“I feel sorry that I failed to meet the support that many fans gave me,” the 19-year old said, crying. “I still have other competitions left, so I will concentrate on them.”
For the country’s Winter Games fans, the ire is not new.
At the 2017 Asian Winter Games in Sapporo, Japan, South Korean short track speedskating star Shim Suk-hee was the victim of a disqualification dispute. During the 500 meters final, China’s Fan Kexin was seen grabbing Shim’s right knee with her left hand during the final lap.

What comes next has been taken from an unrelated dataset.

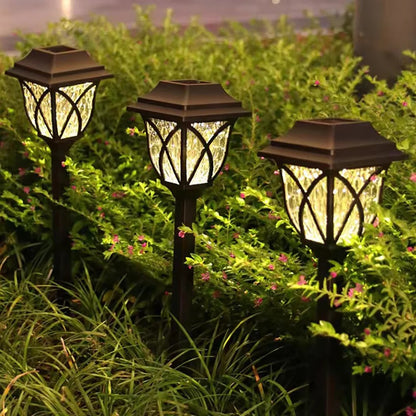 Solar Powered Outdoor Pathway Lights with LED Glow for Garden and Landscape, Set of 2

Both skaters were disqualified to everyone’s surprise.
In the 1,500-meter final in Salt Lake City 2002, South Korean Kim Dong-sung was also disqualified for cross-tracking and skating in front of another skater, American Apolo Anton Ohno, awarding him the gold.
Kim, who had taken the national flag in his celebration, threw it to the ice and stormed out. The judges’ decision raised a fuss at home and abroad, flooding the US Olympic Committee with so many emails that it shut down its website.
The animosity toward Ohno became so heated that the skater and the entire American short track team in 2003 withdrew from a World Cup event held in Korea, citing death threats.
Also during the 2002 Winter Games, Australian Steven Bradbury won the 1,000-meter final after all four of his rivals in front of him, including Kim and Ohno, crashed in the last lap. In disbelief, Bradbury threw up his arms in joy, winning Australia’s first-ever winter gold medal.
Short track races are often won by the skaters most skilled at avoiding crashes, former short track speedskater Chae Ji-hoon told a local daily. He won gold in the 500-meter short track competition at the 1994 Lillehammer Winter Games.
“Skaters should consider every possibility of scenarios for crashes, falling and even of being disqualified in order to win the race,” Chae said. “This is short track.”